Isso seria engraçado se nós não fossemos passageiros desse carro, que não conta com cinto de segurança e, claro, nem cadeirinha de bebê porque o governo disse que sua obrigatoriedade é um absurdo.

Políticos pouco afeitos à democracia, quando colocados contra a parede, tendem a reduzir a transparência de informações às quais a sociedade tem acesso a fim de adaptar a realidade à sua narrativa. Esperemos que diante de cenários negativos o governo não esteja pensando em torturar os números até que eles gritem o que ele deseja ouvir. O Brasil, que já anda com a credibilidade baixa, vai passar a ser visto como o café-com-leite das relações internacionais.

"Falhas" na divulgação de dados econômicos, críticas às estimativas públicas sobre desemprego, ataques a índices de desmatamento… O governo brasileiro ainda está longe do descrédito que acometeu a Argentina do tempo da então presidente Cristina Kirchner, em que os dados oficiais do Indec, o IBGE argentino, sobre PIB, inflação e até sobre pobreza eram motivo de chacota no mundo todo. Mas poderá chegar lá rapidamente se esses tropeços e discursos mal explicados continuarem.

Pibinho

A economia cresceu 0,6% no penúltimo trimestre do ano (julho, agosto e setembro). O resultado é comparável ao mesmo período de 2012. Ou seja: o crescimento é lento. O PIB está longe de alcançar os patamares pré-recessão.

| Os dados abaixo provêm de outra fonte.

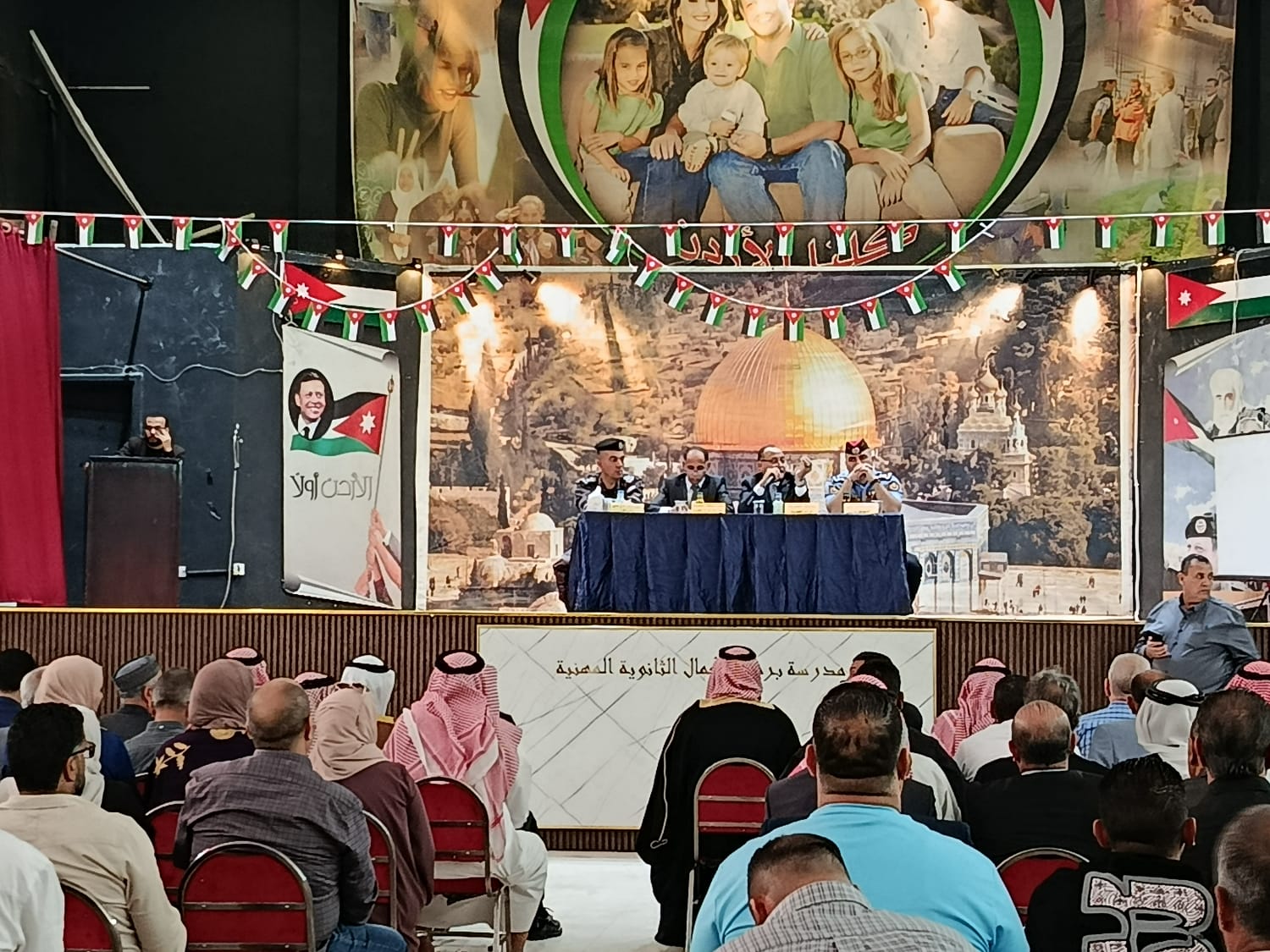 المتصرف المجالي يلتقي وجهاء قصبة عمان لدعم مبادرة تخفيض نفقات الزواج والعزاء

No momento, o que tisna o desempenho da ecomomia é a expressão "no entanto". O mercado de trabalho melhora. No entanto, 41% da força de trabalho é informal. O consumo das famílias cresce. No entanto, a taxa e investimentos ainda é baixa.

Crescem os investimentos na construção civil. No entanto, os investimentos em infraestrutura permanecem estacionados. Aprovou-se a reforma da Previdência. No entanto, as reformas pós-Previdência não deslancharam.